Posted by Taylor McCarten on

Composting is becoming a requirement for households across Canada, but how does putting your banana peels and eggshells in a green bin lead to a healthier environment? To all you compost doubters out there, or people curious about it’s impact, I hope I can shine a light on the surprisingly substantial effect composting has on the environment. 

Landfills have become a growing concern despite our sustainably conscious efforts to reduce the amount of waste we purchase. Composting is a vital resource for households because it diverts compostable waste from landfills. These landfills are directly contributing to climate change as plant matter is forced to decay in an anaerobic environment. According to the Environmental Protection Agency, material that could be composted currently makes up 20 to 30 percent of landfills and making compost “keeps these materials out of landfills where they take up space and release methane, a potent greenhouse gas.” 

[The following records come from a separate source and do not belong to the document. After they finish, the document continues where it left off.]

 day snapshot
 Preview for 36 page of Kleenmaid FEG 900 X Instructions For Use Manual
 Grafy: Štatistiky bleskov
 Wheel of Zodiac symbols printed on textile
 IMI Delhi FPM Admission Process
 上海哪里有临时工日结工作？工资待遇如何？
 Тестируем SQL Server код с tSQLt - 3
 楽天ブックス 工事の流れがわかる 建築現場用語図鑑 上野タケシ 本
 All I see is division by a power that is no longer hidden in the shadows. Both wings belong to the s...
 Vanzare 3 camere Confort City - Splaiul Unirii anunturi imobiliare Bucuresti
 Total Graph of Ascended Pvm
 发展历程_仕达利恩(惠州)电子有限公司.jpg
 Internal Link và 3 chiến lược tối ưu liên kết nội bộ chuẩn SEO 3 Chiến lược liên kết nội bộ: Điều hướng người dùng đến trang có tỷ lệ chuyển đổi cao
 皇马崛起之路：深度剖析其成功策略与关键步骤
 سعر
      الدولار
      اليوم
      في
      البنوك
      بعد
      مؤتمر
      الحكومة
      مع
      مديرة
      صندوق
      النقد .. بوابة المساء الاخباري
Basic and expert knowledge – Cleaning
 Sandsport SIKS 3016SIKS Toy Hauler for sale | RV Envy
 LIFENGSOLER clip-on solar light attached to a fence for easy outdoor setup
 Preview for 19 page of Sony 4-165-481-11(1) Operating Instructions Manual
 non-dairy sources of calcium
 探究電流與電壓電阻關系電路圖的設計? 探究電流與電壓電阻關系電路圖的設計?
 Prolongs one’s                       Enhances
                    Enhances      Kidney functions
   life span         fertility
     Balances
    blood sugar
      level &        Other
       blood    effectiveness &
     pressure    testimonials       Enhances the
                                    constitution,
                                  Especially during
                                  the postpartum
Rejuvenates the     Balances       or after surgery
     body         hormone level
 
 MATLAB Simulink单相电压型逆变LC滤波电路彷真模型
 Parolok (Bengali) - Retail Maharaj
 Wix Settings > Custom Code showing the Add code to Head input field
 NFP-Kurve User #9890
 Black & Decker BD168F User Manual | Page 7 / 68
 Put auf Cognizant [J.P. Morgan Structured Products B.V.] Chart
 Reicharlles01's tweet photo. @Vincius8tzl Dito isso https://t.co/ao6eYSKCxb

Every at home gardener gets frustrated when their sunflowers aren’t blooming like they should be. One reason this could be happening is due to a lack of nutrient rich soil. Putting your compost into your soil provides it with nutrients that help grow microorganisms that breed plant life. On top of that, composting helps minimize water and wind erosion by functioning like a sponge and holding water where the roots need it most. This helps sandy soil absorb moisture resulting in crops needing smaller amounts of irrigation. 

Compost also contains basic nutrients found in chemical fertilizers - potassium, nitrogen, phosphorus - without harming the environment. Composting is an environmentally-friendly alternative to introducing nutrients into your soil. Excessive use of chemical fertilizers can lead to nitrogen runoff which can cause algae blooms in the ocean and lakes that harm the ecosystem. Moreover, chemical fertilizers can also leach into groundwater contaminating drinking water wells resulting in water pollution. 

If composting seems like a headache, just know your contributions are making an impact in more ways than one. So keep up the great work!